Fraternal Twins - Badge Engineering by
by Doug Breithaupt
What's good for General Motors... is also good for Matchbox. GM is famous for producing the same car under different names. Matchbox, now under the ownership of Mattel, is following that example with two models of a the same SUV. As the Isuzu Rodeo, this SUB is sold in the US and Asia. In the UK, it is known as a Vauxhall Frontera. Both Isuzu and Vauxhall are controlled by GM.
Of course you can't buy a Vauxhall in the US and Matchbox follows by
only offering the Rodeo to US buyers.
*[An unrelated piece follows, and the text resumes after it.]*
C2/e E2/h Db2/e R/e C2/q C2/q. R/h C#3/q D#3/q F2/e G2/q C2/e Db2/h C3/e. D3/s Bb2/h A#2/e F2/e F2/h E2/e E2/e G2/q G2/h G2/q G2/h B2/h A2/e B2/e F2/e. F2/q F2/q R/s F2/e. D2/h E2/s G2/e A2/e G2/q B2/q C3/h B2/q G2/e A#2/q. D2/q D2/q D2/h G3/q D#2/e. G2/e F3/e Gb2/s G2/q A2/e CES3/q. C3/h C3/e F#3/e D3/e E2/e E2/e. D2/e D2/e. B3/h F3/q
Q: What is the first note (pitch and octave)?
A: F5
The Frontera is offered by Matchbox
in a variety of international markets, including Canada, where this example
was purchased. The Rodeo comes with wild rally graphics, not inappropriate
as Isuzu is active in world rallying. The Frontera is offered in handsome
silver without any graphics. The Frontera is number 55 while the Rodeo is
number 56. On the base of both vehicles, the appropriate name is hot stamped
and not part of the actual casting. Otherwise, the castings are identical.
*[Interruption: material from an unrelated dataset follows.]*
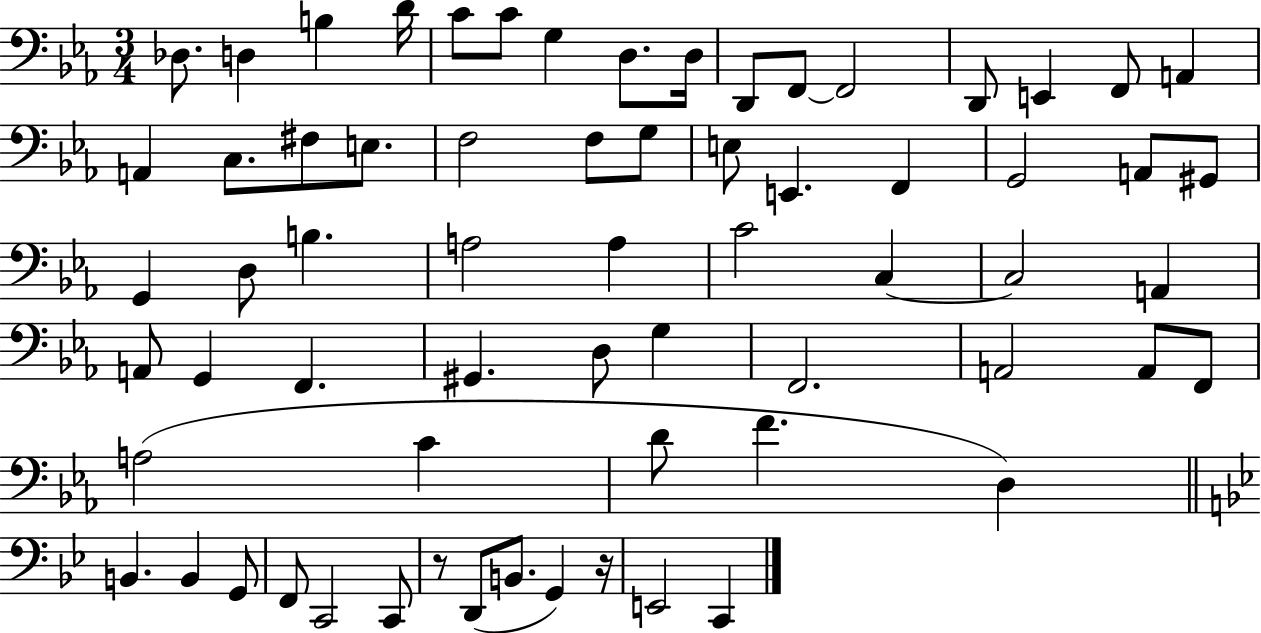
Db3/e. D3/q B3/q D4/s C4/e C4/e G3/q D3/e. D3/s D2/e F2/e F2/h D2/e E2/q F2/e A2/q A2/q C3/e. F#3/e E3/e. F3/h F3/e G3/e E3/e E2/q. F2/q G2/h A2/e G#2/e G2/q D3/e B3/q. A3/h A3/q C4/h C3/q C3/h A2/q A2/e G2/q F2/q. G#2/q. D3/e G3/q F2/h. A2/h A2/e F2/e A3/h C4/q D4/e F4/q. D3/q B2/q. B2/q G2/e F2/e C2/h C2/e R/e D2/e B2/e. G2/q R/s E2/h C2/q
Are there other examples of diecast badge engineering? The '70's Ford/Mercury
Capri might have been offered that way but all my examples are labeled as
'Ford' products. Matchbox could have also offered the 1983 Ford Sierra XR4
under the Merkur label to US markets but did not. Norev
produced a dead-ringer for the AMC Alliance of the 1980's but it was
only offered as a Renault 9. Matchbox has offered Vauxhall/Opel sister cars
in the past but both names have been cast on the base plate. The first was
the 1985 Vauxhall Astra GTE/Opel Kadett GSi. The second was the 1989 Opel
Vectra/Vauxhall Cavalier. I am not aware if different packaging was used
for different countries. If this 'Rodeo-Frontera' dual diecast packaging
concept has happened before, I cannot think of an example. Help me out if
you can, via the Guest book.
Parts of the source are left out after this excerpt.